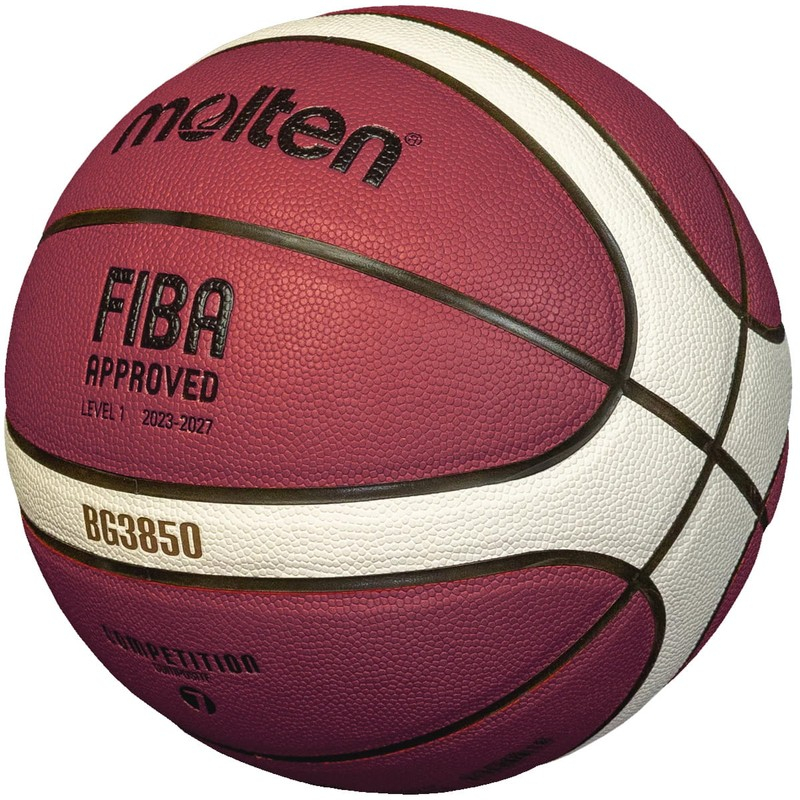 Molten basketbols BG3850, izmērs 7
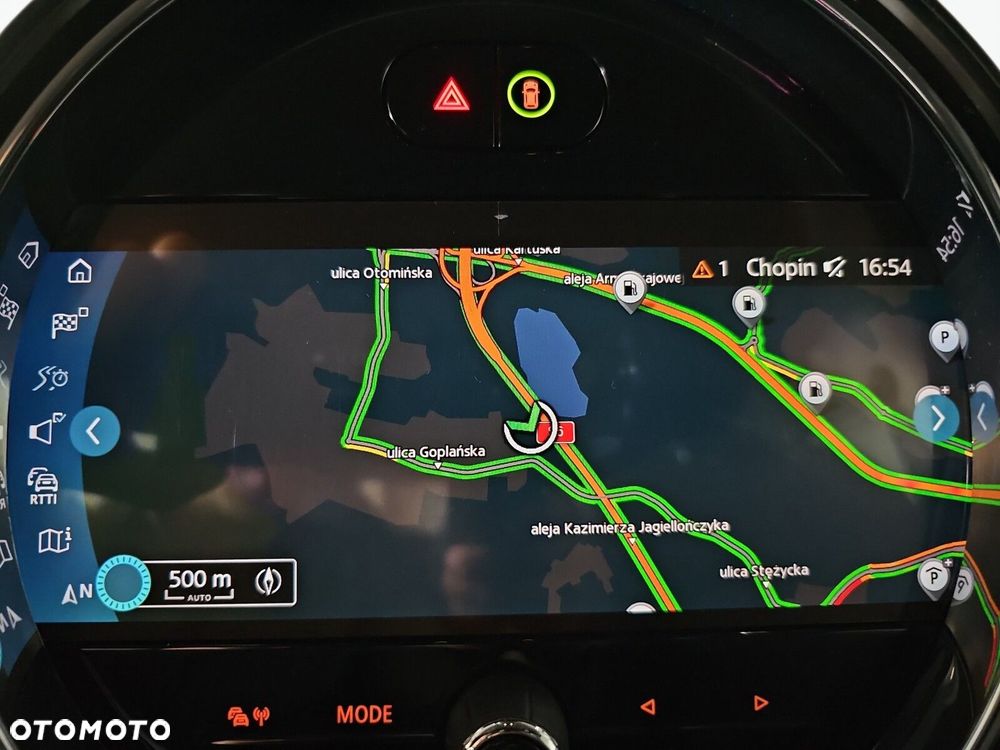 MINI Countryman Cooper Classic Trim - 23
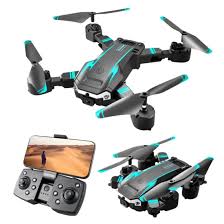 J1 RC Drone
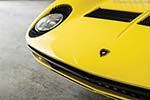 Lamborghini Miura P400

**Task description**: In full and without error, repeat the listing above, omitting its images.

**Solution for this task**:
 Molten basketbols BG3850, izmērs 7
 MINI Countryman Cooper Classic Trim - 23
 J1 RC Drone
 Lamborghini Miura P400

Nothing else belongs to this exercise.